Wie groß war die internationale Resonanz auf diesen Fund?
Diese Nachricht verbreitete sich vor allem über berufliche Kontakte im Ausland; vor allem Kollegen aus Polen und Italien zeigten Interesse. Auch in Italien wurden ähnliche Gräber entdeckt, doch das Interesse aus Polen ist nicht überraschend, da dort zahlreiche greifbare Zeugnisse mittelalterlicher Vampir-Überlieferungen gefunden wurden. In der polnischen Kulturgeschichte, im Volksglauben und in der Literatur ist der Vampir bekannt unter dem Namen Die Präsenz des blutsaugenden Gespenstes ist hier viel ausgeprägter als im Ungarischen; aber generell ist der „Vampir” als solcher vor allem in der slawischen und balkanischen Folklore typisch. Auch die meisten archäologischen Parallelen stammen aus Polen. Es handelt sich dabei in erster Linie um einzelne Gräber, doch es ist auch ein Friedhof außerhalb einer Kirche (also auf geweihtem Gelände) bekannt, der im 16. und 17. Jahrhundert ausdrücklich zur Bestattung von Menschen genutzt wurde, die aus irgendeinem Grund geächtet waren. Unter diesen ungewöhnlichen Bestattungen finden sich zahlreiche Fälle, bei denen die Verstorbenen in irgendeiner Weise verstümmelt, auf den Bauch gedreht und begraben, durchbohrt, mit scharfen, spitzen Gegenständen (z. B. einer Sichel) am Hals Steine oder Ziegelsteine in den Mund gesteckt oder die Verstorbenen, typischerweise an den Beinen, mit Vorhängeschlössern verschlossen wurden. Die Funktion der Vorhängeschlösser ist in diesen Fällen also eindeutig: Sie diente dazu, die Toten im Grab zu halten. Dies war der erste naheliegende Ansatz, eine Parallele zu den Funden aus Visegrád, und unter anderem deshalb sind das internationale Interesse und der Austausch so wichtig. Natürlich lohnt es sich immer, allgemein gültige Phänomene unter Berücksichtigung der Besonderheiten des jeweiligen Gebiets zu untersuchen.
Bitte erzähl mir mal: Wenn du nicht gerade bei Ausgrabungen in einer Kirche Vampirgräber findest – womit beschäftigst du dich dann in den allermeisten Fällen?
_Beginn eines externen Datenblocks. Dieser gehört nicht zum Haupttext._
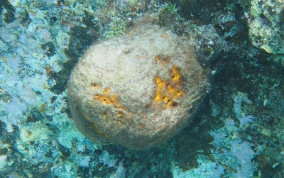 Yellow Ball Sponge - Cinachyra kuekenthali 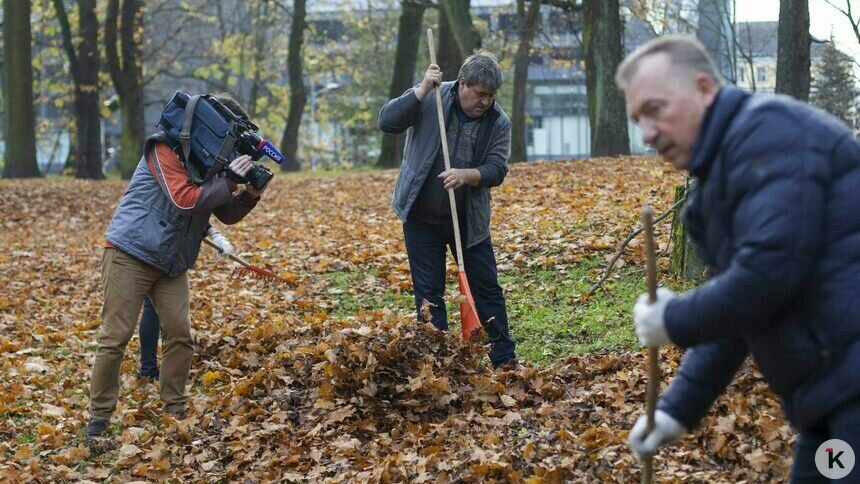 45% калининградцев выступают против обязательных субботников — опрос   - Новости Калининграда | Фото: архив «Клопс»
Ich beschäftige mich in erster Linie mit den archäologischen Funden und Fundstätten aus dem Spätmittelalter und der frühen Neuzeit – der Zeit der türkischen Herrschaft – in Visegrád, und zwar im Bereich der ehemaligen Stadt aus dem 14. und 15. Jahrhundert sowie auf dem Gelände der Ober- und Unterstadt. Besonders interessant ist für mich die Zeit des 18. Jahrhunderts, die bisher archäologisch kaum untersucht wurde und für die es in Visegrád zahlreiche bedeutende Fundstätten gibt. Innerhalb der archäologischen Fundgattungen habe ich mich vor allem auf Tierknochenfunde sowie auf mittelalterliche bearbeitete Knochen- und Geweihgegenstände spezialisiert. Erstere sind beispielsweise für die Rekonstruktion der damaligen Tierwelt, der Haustiergeschichte, der Jagd sowie der Ernährung und des Fleischkonsums von Bedeutung, während letztere sehr interessante handwerklich- und gewerbehistorische Aspekte aufweisen. In jüngerer Zeit interessiere ich mich auf nationaler Ebene für die sogenannte Rechtsarchäologie – also die baulichen und materiellen Zeugnisse des früheren Rechtslebens und der Rechtspflege, insbesondere die Hinrichtungsstätten. Den Anstoß dazu gab ein besonderer Fundkomplex in Visegrád. Noch in den 80er Jahren wurden bei den Ausgrabungen von Júlia Kovalovszki auf dem Gelände des Dorfes aus der Árpád-Zeit im Burgpark die Überreste eines weiblichen Skeletts entdeckt, das in einer nicht mehr genutzten Getreidespeichergrube vergraben war, daneben die Kadaver von sechs Hunden. Erst im Nachhinein kam der Verdacht auf, dass es sich möglicherweise um einen mittelalterlichen Hinrichtungsort und ein hingerichtetes Opfer handelte, das selbst im Tod noch gedemütigt wurde, und im Zuge der eingeleiteten Untersuchungen begann ich, mich intensiver mit dem Thema auseinanderzusetzen. Nicht zuletzt möchte ich die Architektur, die Orts- und Industriegeschichte sowie die Kunstwerke meiner geliebten Heimatstadt Salgótarján erwähnen, die in den letzten Jahren in den Mittelpunkt meines Interesses gerückt sind. Das Studium und Sammeln dieser Themen kann eigentlich als eine Art Hobby betrachtet werden, das aus einer emotionalen Verbundenheit entsteht, da Stadtplanung, moderne und postmoderne Architektur oder bildende Kunst nicht zu meinen Fachgebieten gehören; aber ich finde es immer sehr spannend, völlig neue Wissenschaftsgebiete zu entdecken.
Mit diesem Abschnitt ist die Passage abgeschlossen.